Po wymianie shellholdera na LEE wszystkie naboje się zamykają w karabinie, choć niektóre z większym oporem.
walkiria
Posty: 206
Rejestracja: niedziela, 14 lipca 2013, 19:08
Lokalizacja: Katowice

Post autor: walkiria »

Dzięki. Dam znać jak mi poszło.
wierzba
<font color=darkred>Administrator</font>
Posty: 712
Rejestracja: niedziela, 13 listopada 2011, 09:01
Lokalizacja: Józefosław

Post autor: wierzba »

Łuski trymowane ?
pozdrawiam
Andrzej Wierzbicki
SQ5KWL
walkiria
Posty: 206
Rejestracja: niedziela, 14 lipca 2013, 19:08
Lokalizacja: Katowice

Post autor: walkiria »

Tak.

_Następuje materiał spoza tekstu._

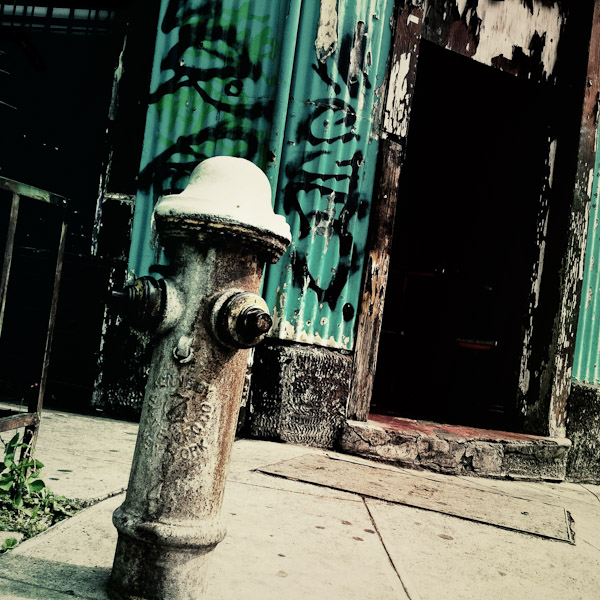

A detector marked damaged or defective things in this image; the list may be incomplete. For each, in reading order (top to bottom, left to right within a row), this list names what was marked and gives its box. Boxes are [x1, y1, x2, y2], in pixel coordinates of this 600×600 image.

chipped white paint [314, 0, 338, 63]
chipped white paint [472, 0, 564, 79]
chipped white paint [384, 51, 412, 138]
rusty hydrant body [110, 157, 292, 596]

Do wymiaru podanego w manualu vv.
joon
Posty: 654
Rejestracja: sobota, 07 kwietnia 2012, 18:37
Lokalizacja: Białystok

Post autor: joon »

Zmien łuski ,S&B nawet w shellholder wchodzi z oporem.Na innych łuskach powinno byc Ok.
Pozdrawiam Janusz
wsteczniak
Posty: 308
Rejestracja: czwartek, 02 kwietnia 2015, 19:54

Post autor: wsteczniak »

Też nie mogłem domknąć zamka przy łuskach FNB .223. Na innych bez zarzutu.
wozzi
Posty: 1995
Rejestracja: środa, 02 marca 2011, 18:14
Lokalizacja: Hamburg

Post autor: wozzi »

Z tego by wynikało, ze sprężystość materiału jest sporo inna, od standardowej. Zgadza się?
.303 brit .308 win 6,5x55 .45acp 9x19mm .22lr .357
andy7
Posty: 1648
Rejestracja: sobota, 21 lutego 2015, 22:01
Lokalizacja: co skad ? Z miasta Hamow i Burkow

Post autor: andy7 »

Jakos nie ogarniem, ze luska po formatowaniu w matrycy FL ( Matryca dochodzi do shell holder ) nie chce wchodzic do komory, bez wzgledu jaka by ta sprezystosc materialu nie byla. Sprobowal bym innej matrycy.

:wink:
sowland
Posty: 306
Rejestracja: poniedziałek, 26 maja 2008, 18:21

Post autor: sowland »

andy7 pisze:Jakos nie ogarniem, ze luska po formatowaniu w matrycy FL ( Matryca dochodzi do shell holder ) nie chce wchodzic do komory, bez wzgledu jaka by ta sprezystosc materialu nie byla. Sprobowal bym innej matrycy.

:wink:
Szpecem może nie jestem ale mialem identyczny problem z kalibrem 243wssm.Dopiero planowanie shell holdera pomogło.
R8 6,5x55 se 8x57 is T3 6,5x55 CZ Shadow2 Sig
andy7
Posty: 1648
Rejestracja: sobota, 21 lutego 2015, 22:01
Lokalizacja: co skad ? Z miasta Hamow i Burkow

Post autor: andy7 »

sowland pisze: Szpecem może nie jestem ale mialem identyczny problem z kalibrem 243wssm.Dopiero planowanie shell holdera pomogło.
To potrafie zrozumiec, bo ma to logiczne wytlumaczenie - luska nie jest do konca formatowana poprzeznie do konca wcisniecie jej w matryce.

:wink:
rado
Posty: 121
Rejestracja: czwartek, 23 października 2014, 11:52
Lokalizacja: pomorskie

Post autor: rado »

Dokładnie coś takiego było u mnie, tyle, że dałem sobie radę przez wymianę shellholdera na inny, który okazał się niższy, więc nie musiałem planować...
Awatar użytkownika
JanMaz
Posty: 492
Rejestracja: czwartek, 29 maja 2008, 19:47
Lokalizacja: Strzelno

Post autor: JanMaz »

sowland pisze:
andy7 pisze:Jakos nie ogarniem, ze luska po formatowaniu w matrycy FL ( Matryca dochodzi do shell holder ) nie chce wchodzic do komory, bez wzgledu jaka by ta sprezystosc materialu nie byla. Sprobowal bym innej matrycy.

:wink:
Szpecem może nie jestem ale mialem identyczny problem z kalibrem 243wssm.Dopiero planowanie shell holdera pomogło.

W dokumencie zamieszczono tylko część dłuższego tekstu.